*Task to carry out*. Would you return the listing that follows exactly, leaving its pictures behind?

*Study material*.
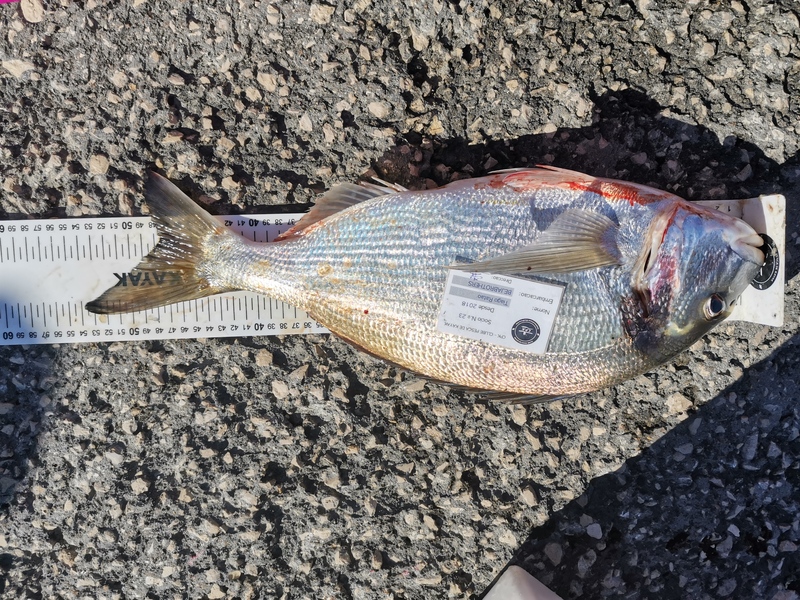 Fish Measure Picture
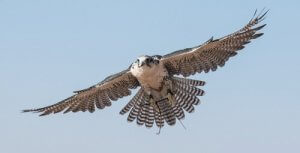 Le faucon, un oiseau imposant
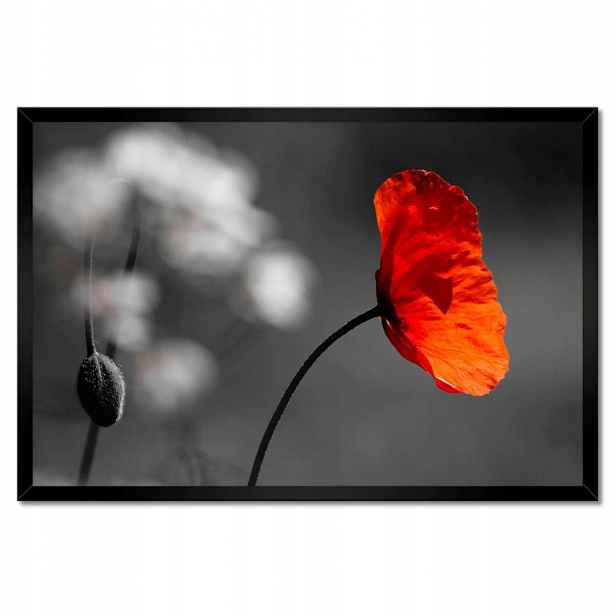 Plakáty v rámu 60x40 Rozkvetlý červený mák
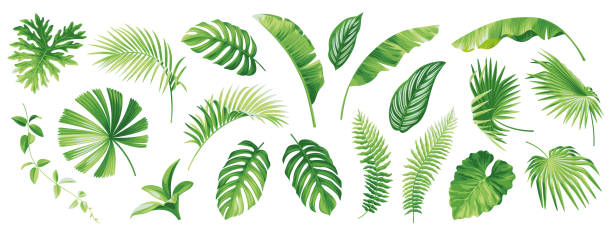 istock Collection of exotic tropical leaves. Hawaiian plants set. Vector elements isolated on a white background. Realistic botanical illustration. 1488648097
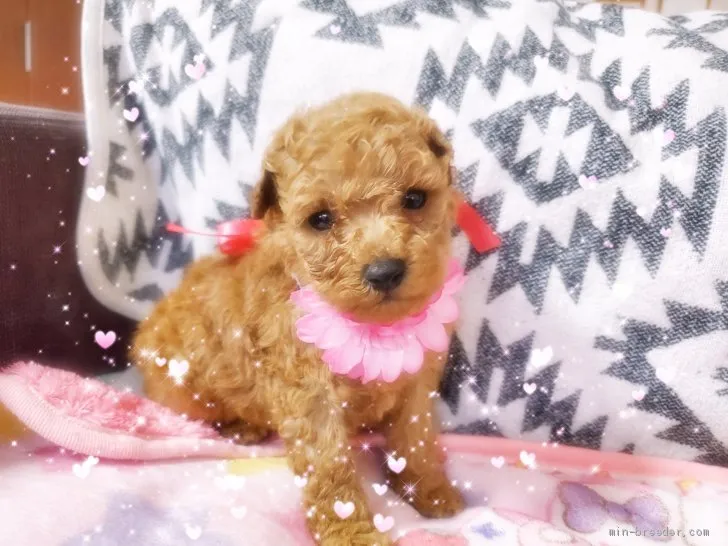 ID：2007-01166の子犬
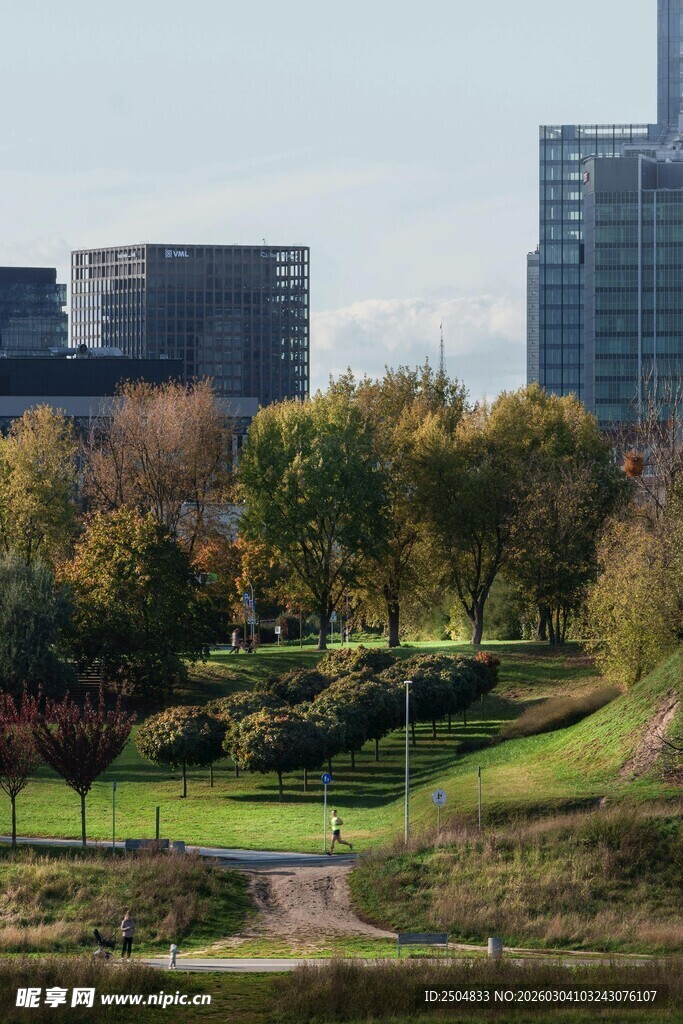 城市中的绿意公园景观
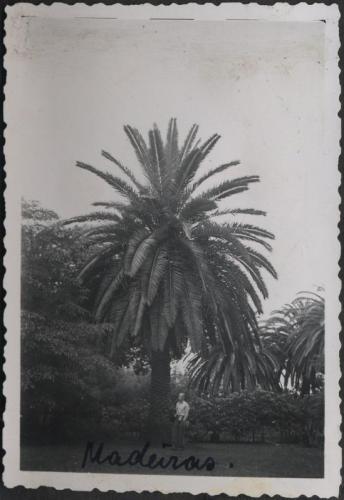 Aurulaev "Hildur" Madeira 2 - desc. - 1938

*Task output*.
 Fish Measure Picture
 Le faucon, un oiseau imposant
 Plakáty v rámu 60x40 Rozkvetlý červený mák
 istock Collection of exotic tropical leaves. Hawaiian plants set. Vector elements isolated on a white background. Realistic botanical illustration. 1488648097
 ID：2007-01166の子犬
 城市中的绿意公园景观
 Aurulaev "Hildur" Madeira 2 - desc. - 1938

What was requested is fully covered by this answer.